Who is the most connected musician? Mathematics had Paul Erdős, film has Kevin Bacon, but who is the center of the musical world. At some point I flippantly suggested Brian Eno because of this long career as a producer. Rich Trott brought this up again recently when linking to his awesome Music Routes site.
Rich has now published the data that backs Music Routes. This let me write some code to calculate who the most connected musician is. The criteria I chose was to find the artist with the lowest average distance from all other musicians in the largest network of connected musicians. I started researching shortest path algorithms and quickly discovered that the Floyd-Warshall algorithm will give me the shortest path between all nodes in a graph in only O(n³). And scipy has an implementation.
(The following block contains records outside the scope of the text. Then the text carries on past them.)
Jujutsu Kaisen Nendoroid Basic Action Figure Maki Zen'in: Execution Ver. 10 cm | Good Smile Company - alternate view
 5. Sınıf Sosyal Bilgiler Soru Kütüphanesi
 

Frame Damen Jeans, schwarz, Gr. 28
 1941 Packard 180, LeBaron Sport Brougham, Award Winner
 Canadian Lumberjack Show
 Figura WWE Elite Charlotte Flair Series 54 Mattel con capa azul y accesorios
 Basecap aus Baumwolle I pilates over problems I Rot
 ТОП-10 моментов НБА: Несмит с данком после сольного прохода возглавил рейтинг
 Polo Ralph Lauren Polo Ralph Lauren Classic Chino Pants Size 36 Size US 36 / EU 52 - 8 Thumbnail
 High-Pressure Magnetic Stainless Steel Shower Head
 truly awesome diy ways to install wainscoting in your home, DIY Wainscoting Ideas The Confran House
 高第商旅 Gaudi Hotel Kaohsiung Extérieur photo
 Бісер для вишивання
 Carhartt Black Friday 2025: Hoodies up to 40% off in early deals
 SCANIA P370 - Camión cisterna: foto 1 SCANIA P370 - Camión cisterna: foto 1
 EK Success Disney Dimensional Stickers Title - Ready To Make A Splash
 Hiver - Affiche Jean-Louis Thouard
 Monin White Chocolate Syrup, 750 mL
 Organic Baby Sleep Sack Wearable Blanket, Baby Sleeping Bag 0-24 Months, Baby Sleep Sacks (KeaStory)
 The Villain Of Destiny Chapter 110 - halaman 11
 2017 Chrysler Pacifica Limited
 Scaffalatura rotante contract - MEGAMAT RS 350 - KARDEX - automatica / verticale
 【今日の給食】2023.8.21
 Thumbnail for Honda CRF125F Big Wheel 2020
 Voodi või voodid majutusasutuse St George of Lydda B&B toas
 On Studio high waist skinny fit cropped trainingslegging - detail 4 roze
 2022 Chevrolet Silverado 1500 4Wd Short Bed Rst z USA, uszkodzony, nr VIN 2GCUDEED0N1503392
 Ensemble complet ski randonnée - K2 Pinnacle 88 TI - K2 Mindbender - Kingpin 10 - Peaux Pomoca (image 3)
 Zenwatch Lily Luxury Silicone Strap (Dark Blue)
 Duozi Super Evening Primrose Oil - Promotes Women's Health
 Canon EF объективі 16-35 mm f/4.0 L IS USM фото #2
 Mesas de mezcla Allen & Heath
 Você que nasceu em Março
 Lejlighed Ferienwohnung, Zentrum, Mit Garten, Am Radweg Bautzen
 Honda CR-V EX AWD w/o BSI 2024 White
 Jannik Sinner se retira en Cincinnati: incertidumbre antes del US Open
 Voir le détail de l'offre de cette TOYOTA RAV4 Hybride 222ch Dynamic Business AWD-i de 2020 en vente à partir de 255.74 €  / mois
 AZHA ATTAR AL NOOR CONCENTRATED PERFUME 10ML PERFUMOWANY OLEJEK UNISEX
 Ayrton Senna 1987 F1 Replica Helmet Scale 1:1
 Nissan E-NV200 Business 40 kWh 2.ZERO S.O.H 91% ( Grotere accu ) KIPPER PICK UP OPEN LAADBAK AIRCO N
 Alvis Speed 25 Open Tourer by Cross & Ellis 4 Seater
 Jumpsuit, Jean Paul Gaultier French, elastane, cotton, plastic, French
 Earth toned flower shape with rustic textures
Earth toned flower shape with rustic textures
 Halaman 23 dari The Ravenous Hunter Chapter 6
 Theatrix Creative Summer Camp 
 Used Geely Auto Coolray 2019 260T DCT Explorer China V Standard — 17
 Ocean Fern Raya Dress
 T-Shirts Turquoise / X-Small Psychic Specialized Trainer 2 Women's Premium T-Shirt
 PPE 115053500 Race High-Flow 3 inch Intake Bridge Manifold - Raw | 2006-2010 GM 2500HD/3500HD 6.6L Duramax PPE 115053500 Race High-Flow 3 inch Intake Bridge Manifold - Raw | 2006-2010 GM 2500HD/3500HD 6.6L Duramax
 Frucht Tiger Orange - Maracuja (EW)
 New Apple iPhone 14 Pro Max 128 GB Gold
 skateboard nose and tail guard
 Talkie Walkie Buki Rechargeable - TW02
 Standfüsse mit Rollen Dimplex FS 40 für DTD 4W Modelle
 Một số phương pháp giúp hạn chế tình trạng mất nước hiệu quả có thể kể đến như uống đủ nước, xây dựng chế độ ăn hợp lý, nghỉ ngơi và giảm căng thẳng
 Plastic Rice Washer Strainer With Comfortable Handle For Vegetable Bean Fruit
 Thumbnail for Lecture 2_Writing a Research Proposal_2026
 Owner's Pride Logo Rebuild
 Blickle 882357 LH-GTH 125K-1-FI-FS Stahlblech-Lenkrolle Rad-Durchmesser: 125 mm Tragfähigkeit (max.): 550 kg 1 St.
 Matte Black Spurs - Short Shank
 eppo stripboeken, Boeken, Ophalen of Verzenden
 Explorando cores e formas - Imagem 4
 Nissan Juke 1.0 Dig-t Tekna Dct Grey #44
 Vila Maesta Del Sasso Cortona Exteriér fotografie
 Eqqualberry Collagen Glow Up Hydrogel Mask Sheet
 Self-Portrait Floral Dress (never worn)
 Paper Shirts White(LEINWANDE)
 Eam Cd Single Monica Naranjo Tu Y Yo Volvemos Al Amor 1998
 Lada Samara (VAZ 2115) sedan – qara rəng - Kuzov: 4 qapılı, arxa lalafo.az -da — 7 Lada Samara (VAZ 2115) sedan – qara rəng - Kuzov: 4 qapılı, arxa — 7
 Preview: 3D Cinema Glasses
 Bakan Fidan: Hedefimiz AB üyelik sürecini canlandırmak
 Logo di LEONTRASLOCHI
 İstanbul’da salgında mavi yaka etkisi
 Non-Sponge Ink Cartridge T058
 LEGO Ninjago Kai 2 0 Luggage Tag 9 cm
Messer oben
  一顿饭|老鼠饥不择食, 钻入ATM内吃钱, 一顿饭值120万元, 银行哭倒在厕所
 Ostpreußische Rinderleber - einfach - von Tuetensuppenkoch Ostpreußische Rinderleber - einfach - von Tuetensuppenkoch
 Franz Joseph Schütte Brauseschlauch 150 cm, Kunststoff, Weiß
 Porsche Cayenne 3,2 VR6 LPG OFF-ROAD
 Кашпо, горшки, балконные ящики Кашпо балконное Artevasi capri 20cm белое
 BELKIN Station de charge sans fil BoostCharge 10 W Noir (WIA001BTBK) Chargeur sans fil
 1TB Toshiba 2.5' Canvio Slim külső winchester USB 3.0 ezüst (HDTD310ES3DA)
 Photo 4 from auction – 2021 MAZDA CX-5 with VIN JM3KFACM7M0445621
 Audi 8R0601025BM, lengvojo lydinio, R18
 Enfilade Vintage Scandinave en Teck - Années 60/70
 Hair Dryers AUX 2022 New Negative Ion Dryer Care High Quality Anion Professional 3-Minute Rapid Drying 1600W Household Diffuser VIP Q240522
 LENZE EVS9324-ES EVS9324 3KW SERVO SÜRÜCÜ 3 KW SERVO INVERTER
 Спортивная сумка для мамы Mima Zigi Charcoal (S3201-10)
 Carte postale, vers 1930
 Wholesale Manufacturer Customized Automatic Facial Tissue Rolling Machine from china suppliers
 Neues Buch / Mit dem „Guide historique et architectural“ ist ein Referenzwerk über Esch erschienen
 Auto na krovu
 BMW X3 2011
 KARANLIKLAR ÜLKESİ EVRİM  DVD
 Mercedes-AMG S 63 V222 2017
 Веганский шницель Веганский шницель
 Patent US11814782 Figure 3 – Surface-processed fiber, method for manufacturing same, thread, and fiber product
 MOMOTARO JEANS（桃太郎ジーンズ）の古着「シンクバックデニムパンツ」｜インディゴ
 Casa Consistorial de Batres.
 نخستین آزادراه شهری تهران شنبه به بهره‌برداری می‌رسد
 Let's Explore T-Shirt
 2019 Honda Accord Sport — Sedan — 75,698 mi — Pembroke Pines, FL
I ended up with an IPython notebook to calculate the most connected artist. Rich's data includes 10479 people on 4835 tracks. He admits that it ultimately reflects his tastes because he has entered most (perhaps all) of the data himself, but that's still a serious number of data points. The Floyd-Warshall was the slowest part of the calculation. I left it running over night and once it was complete saved off the results in case I ever wanted to run this again.
The result? The artist in the largest group of connected artists (10065) with the shortest average distance from each other artist in the network was Jim Keltner, a session drummer with an average distance of 3.226. He's followed closely by Paul McCartney (3.239), Bob Dylan' (3.322) and Elvis Costello (3.333).
This is an alright result, but it really feels kind of like "small data". I downloaded the discogs.com database dump with 3.6M artists on 5.3M releases. I need to work out how to run an all-pairs shortest-path algorithm for that without needing terabytes of RAM.